Alexandre Dumas’s most famous tale— and possibly the most famous historical novel of all time— in a handsome hardcover volume.
This swashbuckling epic of chivalry, honor, and derring-do, set in France during the 1620s, is richly populated with romantic heroes, unattainable heroines, kings, queens, cavaliers, and criminals in a whirl of adventure, espionage, conspiracy, murder, vengeance, love, scandal, and suspense. Dumas transforms minor historical figures into larger- than-life characters: the Comte d’Artagnan, an impetuous young man in pursuit of glory; the beguilingly evil seductress “Milady”; the powerful and devious Cardinal Richelieu; the weak King Louis XIII and his unhappy queen—and, of course, the three musketeers themselves, Athos, Porthos, and Aramis, whose motto “all for one, one for all” has come to epitomize devoted friendship. With a plot that delivers stolen diamonds, masked balls, purloined letters, and, of course, great bouts of swordplay, The Three Musketeers is eternally entertaining.
The last Dumas I read was The Count of Monte Cristo, back in 2003 or so. I remember it having some long patches, some filler-material, but I also remember being enthralled by the sheer storytelling power, and finishing it in record time.

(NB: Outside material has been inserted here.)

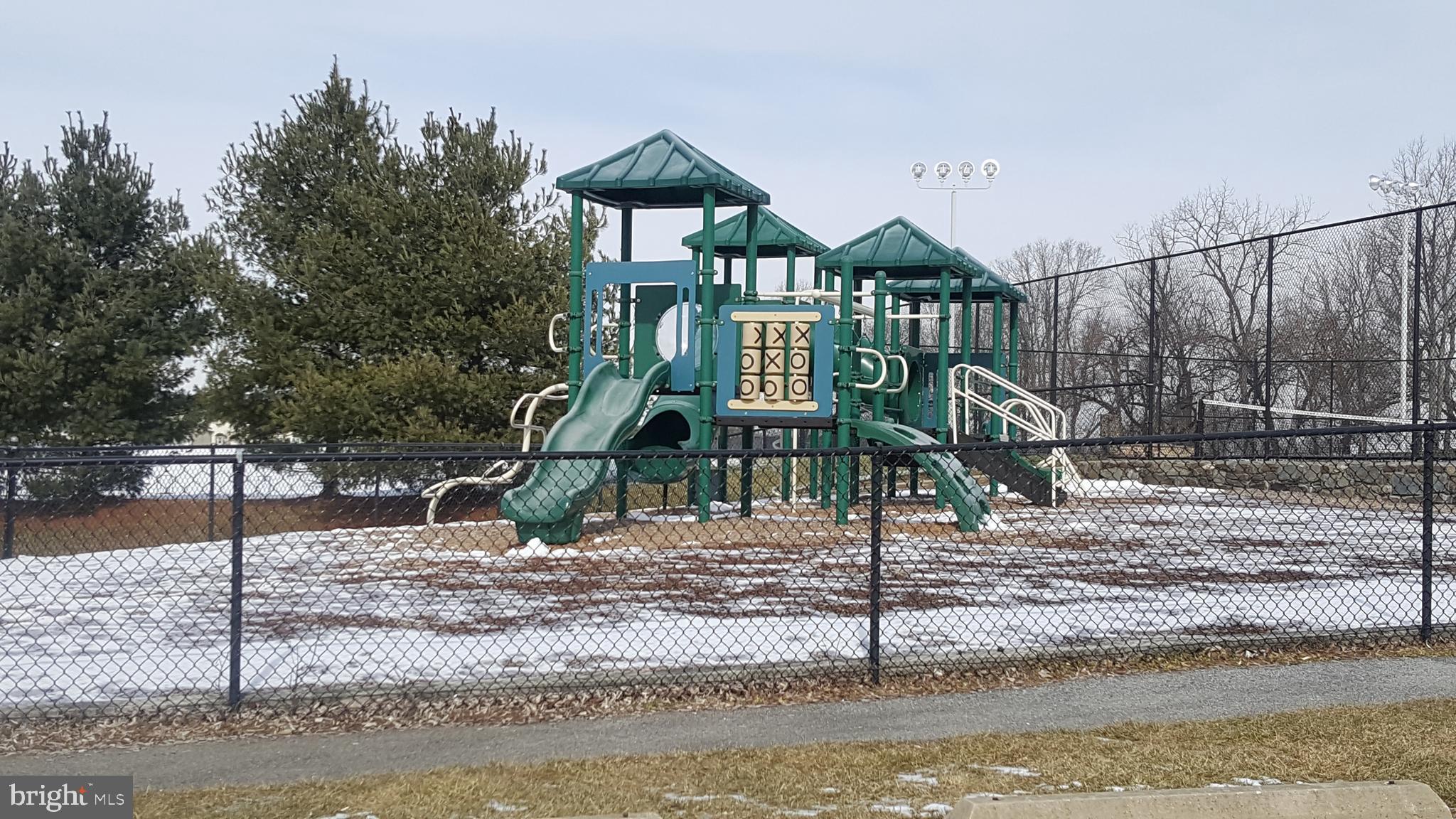 2120 TROON OVERLOOK J 203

The Three Musketeers, I think, is better still. There's very little padding, and the only bit that rankled a little was a section in which the exposition was handled very stagily, in the sense of old-fashioned exposition: two nonentities come onto the stage and explain all the backstory in dialogue that is as flat as a pancake. In the section in question, however, the two characters were important ones, and it seemed odd how they suddenly began to behave. It was around this section too that D'Artagnan started behaving rather strangely, more like a puppet than a man. Not only was he using one woman to get at another, (Kitty, Milady's maid, to get at Milady) and showing uncharacteristic integrity, but his apparent bedazzlement by Milady was somehow unbelievable.
Apart from that, the story zips along at such a pace that you find yourself reading page after page, trying to keep up with the speed of things. The humour is wonderful, there's very little purple prose for a 19th century novel, and the characters, though occasionally inconsistent, are in general well-drawn. The villains are villains to the core; no mistaking them. The heroes will die for anything and everything that seems true. The women are wonderful, and the men passionate and energetic. And the suspense is terrific (even if you've seen one or two movie versions of the story).
Certainly the morals of the the characters leave something to be desired. Dumas even comments on their behaviour a couple of times by telling us that this was how people behaved then - as if to excuse the fact that he was making them behave this way. And the way he weaves history into his story - bending it when necessary - is excellent.